The vertex object contains the original coordinates of the vertex and the coordinates after each transformation. The getvector function could help calculate the vector pointing from another vertex to itself, which is useful in the following steps.
The surface object is more straightforward, which contains three vertex objects.
Also, a readFile function was defined to parse the information in the object.txt file. readFile function will return an array of vertex objects and an array of surface objects.
Mouse was used to interact with the object. The function pygame.mouse.get_rel() was used to get the relative mouse position compared to the last position sampled. This value determined the amount that the object will rotate. The rotation about X axis was controlled by the vertical movement of mouse and vice versa.More specifically,
Rotation of points in 3D space could be expressed by the multiplication of rotation matrix. The rotation matrix for rotation about X, Y and Z axis are,
$$ \mathbf{R}_x = \begin{bmatrix} 1 & 0 & 0 \\ 0 & \cos (\mathrm{\theta_x}) & -\sin (\mathrm{\theta_x}) \\ 0 & \sin (\mathrm{\theta_x}) & \cos (\mathrm{\theta_x}) \end{bmatrix}$$ $$ \mathbf{R}_y = \begin{bmatrix} \cos (\mathrm{\theta_y}) & 0 & \sin(\mathrm{\theta_y}) \\ 0 & 1 & 0 \\ -\sin(\mathrm{\theta_y}) & 0 & \cos(\mathrm{\theta_y}) \end{bmatrix}$$ $$ \mathbf{R}_z = \begin{bmatrix} \cos (\mathrm{\theta_z}) & -\sin (\mathrm{\theta_z}) & 0 \\ \sin (\mathrm{\theta_z}) & \cos (\mathrm{\theta_z}) & 0 \\ 0 & 0 & 1 \end{bmatrix} $$In this task, only rotation about X and Y axis are required.
After the position of each point was calculated, the next step was to project the points on the canvas. As the observer was at infinity, the projection line could be considered in parallel. Therefore, the x and y coordinates could be directly used. To make the object in the center of the canvas with appropriate size, the final 2D coordinates are calculated as follows,
$$x_{2D}=x_{3D}\ast100+Width/2$$ $$y_{2D}=y_{3D}\ast100+Height/2$$
After find the points on canvas, simply draw lines between vertices that defined in surface.

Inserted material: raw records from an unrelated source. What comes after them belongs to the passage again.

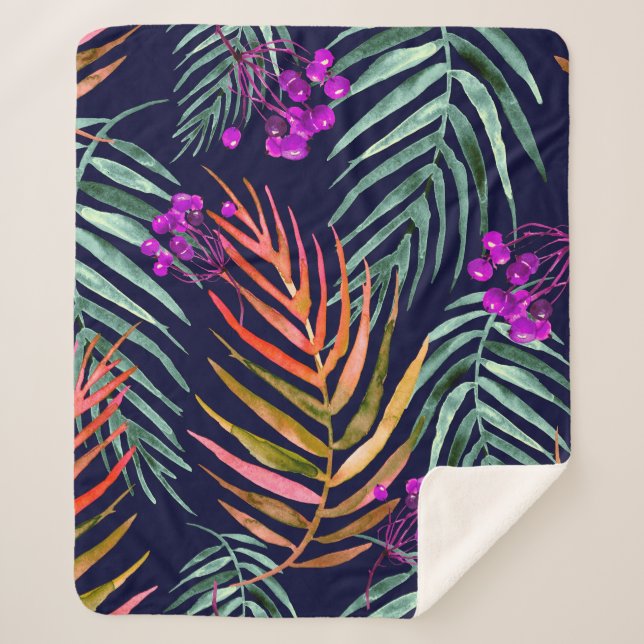 Couverture Sherpa Feuilles tropicaux. Aquarelle feuilles d'un arbre, (Devant)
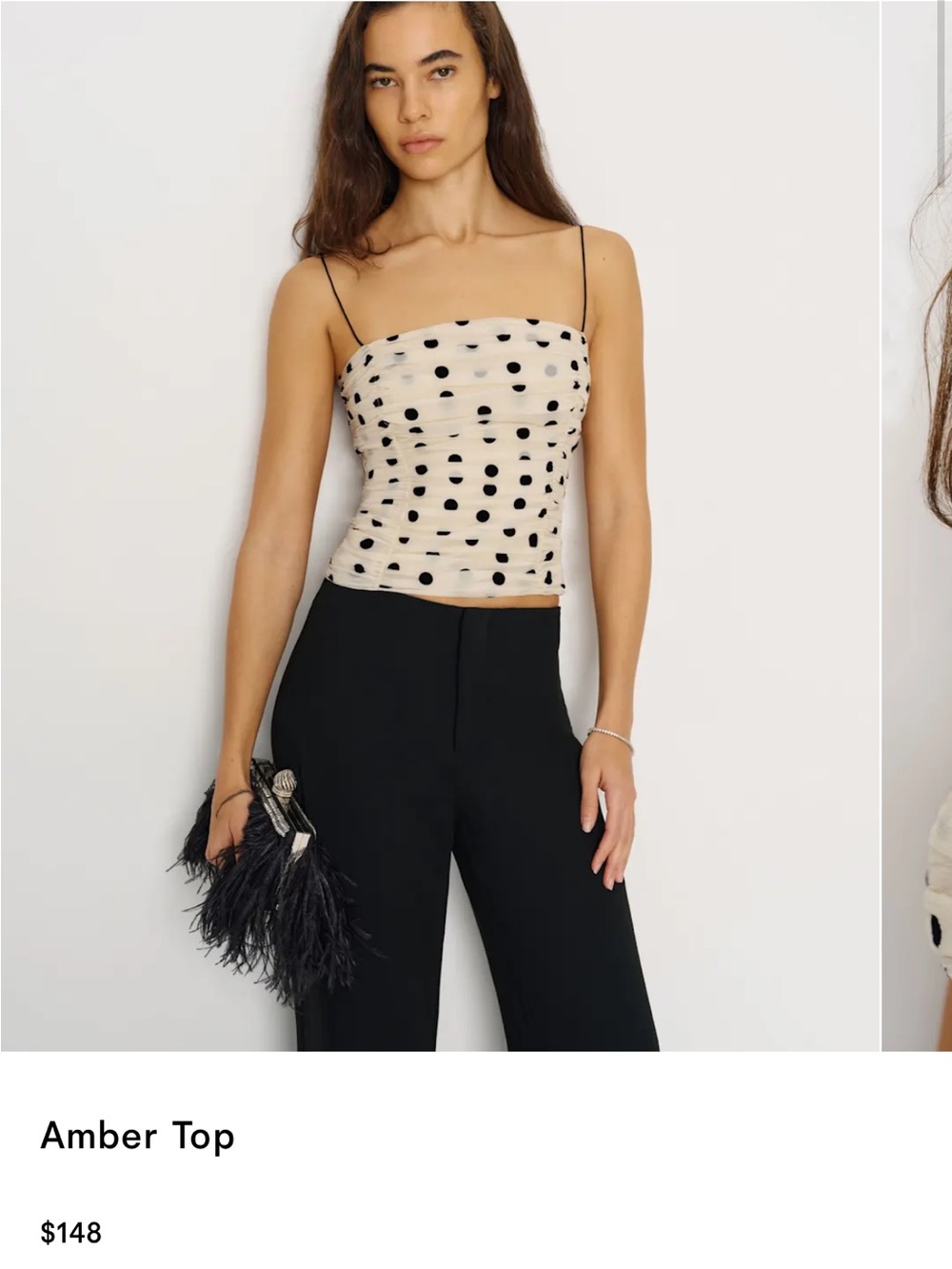 Reformation Amber Top Polka Dot Cami Top - Cream/Black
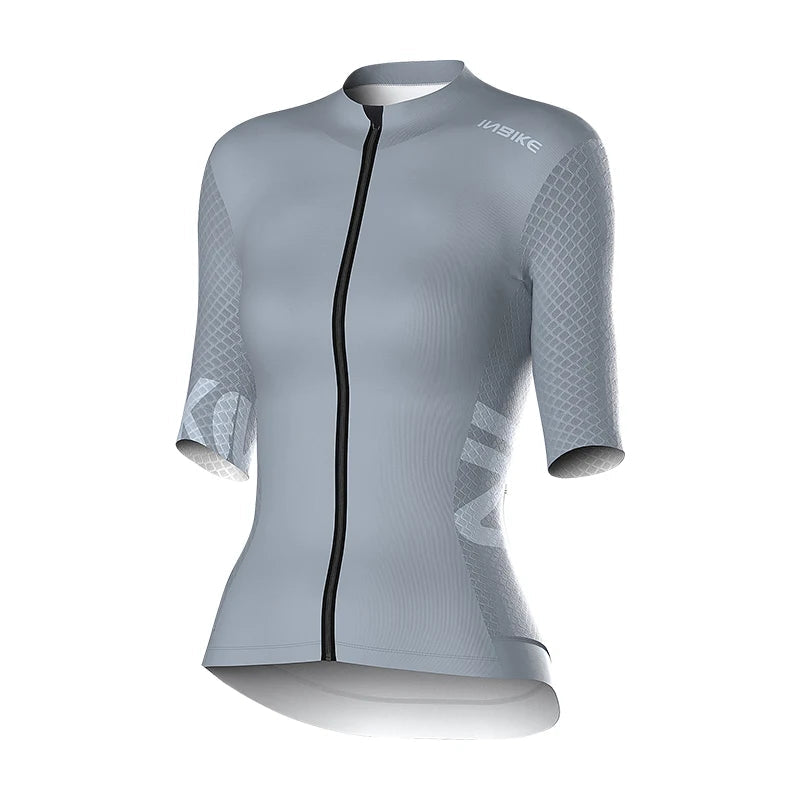 Gray cycling jersey with black zipper on a white background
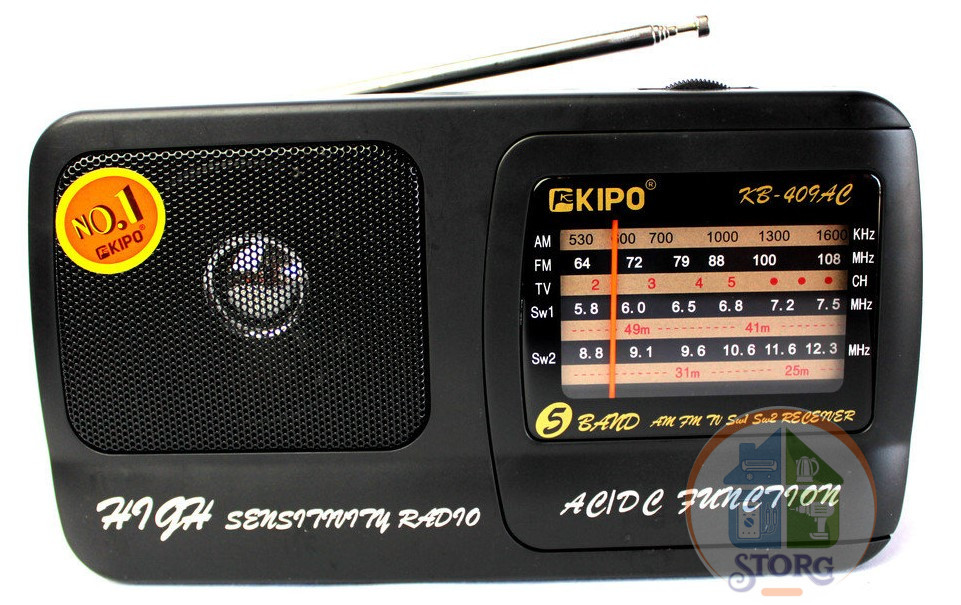 Радиоприемник KIPO-HAIRUN KB-409 ORIGINAL NEW, 198х110х59мм, FM, УКВ, СВ, КВ,от сети и бат.R20, AUX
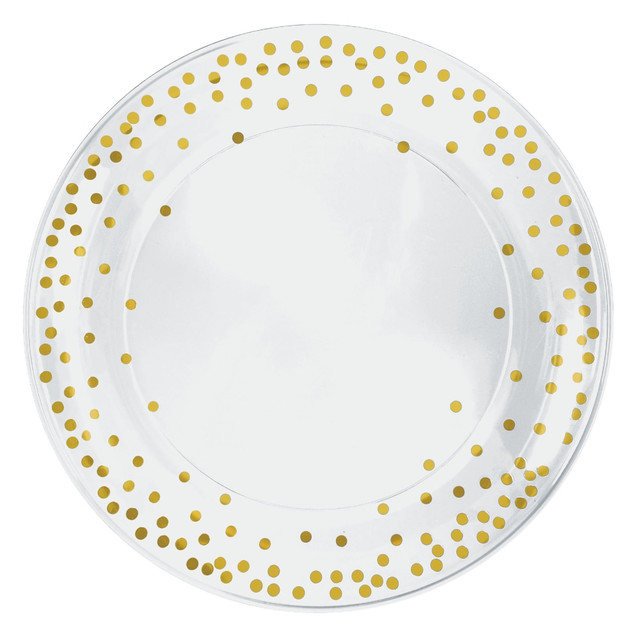 AMSCAN 430886  Metallic Dots Round Plastic Trays, 14in, White/Gold, Set Of 2 Trays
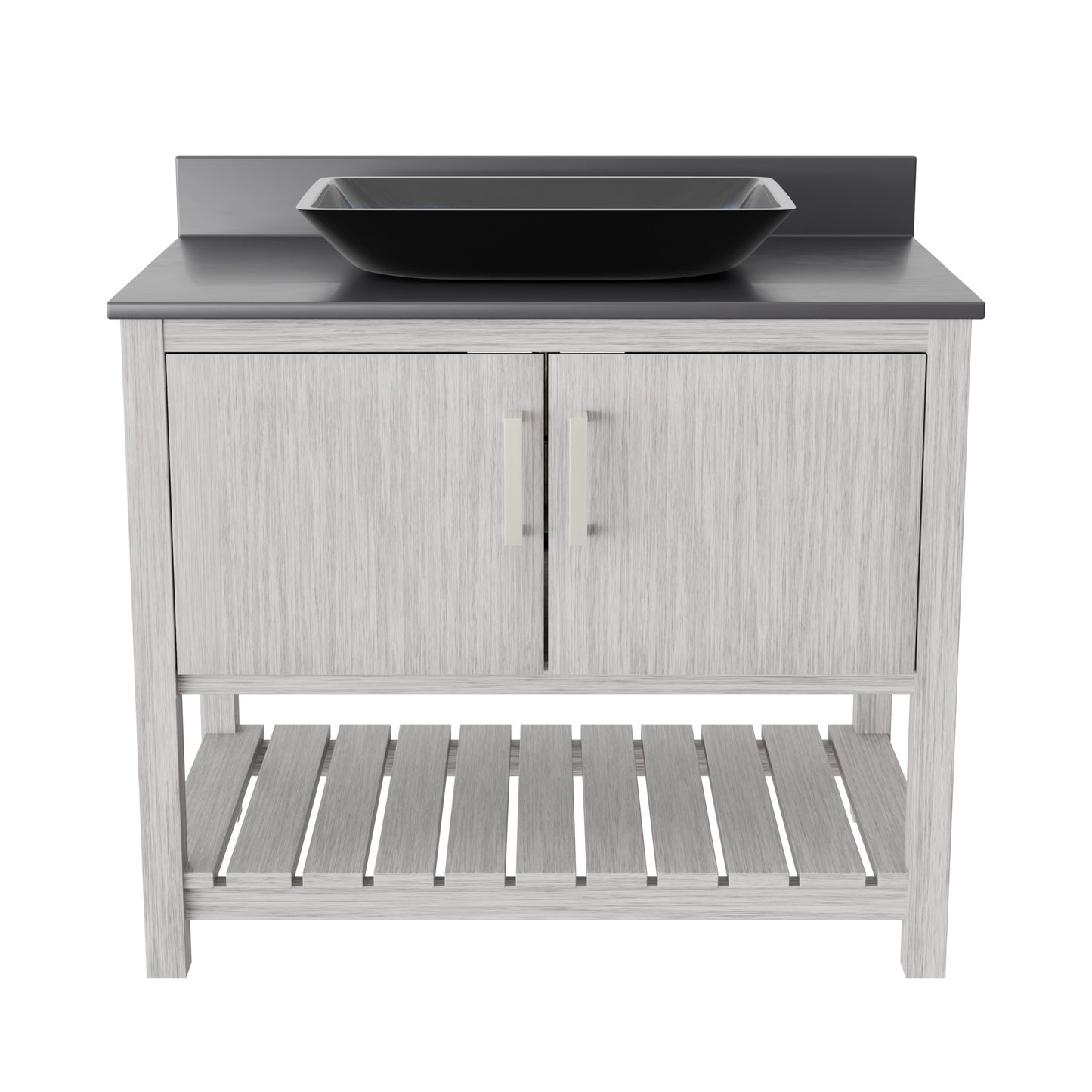 36-inch Bath Vanity with Storm Grey Counter and Sink, NOBV-36SG-280-19034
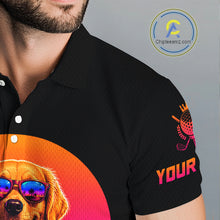 Load image into Gallery viewer, Personalized Golden Retriever Mens Golf Polo Shirt – Vintage Neon Golf Design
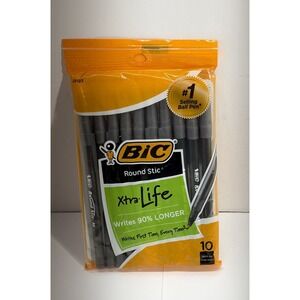 BIC 10-Pack Round Stic Xtra Life Pens – Medium Point, Black Ink, Flexible Barrel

The object could be successfully rendered as a frame. Mouse could be used to drag the object to rotate.
In Task 2, rasterization process and depth buffer were implemented to finalize the rendering pipeline based on Task 1.
For each projected surface on canvas, traverse all pixels in the rectangular area bounded by the vertices and check whether each pixel is in the triangle. If yes, then this pixel needs to be rendered, and ignore it if not in the triangle.
To check whether a pixel P is in the triangle, we can check if vector BP and BC are on the same side of vector BA and do the same check for all three vertices as shown below. If one pixel passed all three safety check, then it is in the surface!
I defined a fuction sameSide in main.py to do this safety check process, which is illustrated in the flow char below.
In the last step, the surfaces can be successfully rendered with color. However, the surface being rendered later will overlay on the previous ones. This violates the object occlusion. Instead, the pixel that is closest to the canvas should be drawn no matter the rendering order. Therefore, one solution is to use an array to store the closest depth seen so far for each pixel (x, y) on canvas. The algorithm can be illustrated as
After implementing depth buffer, the last thing is to render different color to the surface, which is related to the orientation of the surface with respect to the light source. In this implementation, according to the assessment requirement, the light source is the observer. Therefore, when a surface is viewed on edge, it will be darker; when it is viewed flat, it will be lighter. This could be easily achieved by calculating the angle between the normal of each surface and the direction of light.
The normal of the surface could be calculated by cross product two edge vectors of the surface.
$$\vec N = \vec A \times \vec B$$Then normalize it by its length,
$$\vec N_{unit} = \frac {\vec N}{|N|}$$Assume the light vector is towards negative z direction and is a unit vector,
$$\vec L = \begin{bmatrix} 0 & 0 & -1 \end{bmatrix}$$ $$\vec N_{unit} \cdot \vec L = \cos (\theta)$$Finally, the absolute value of will be used to control the color.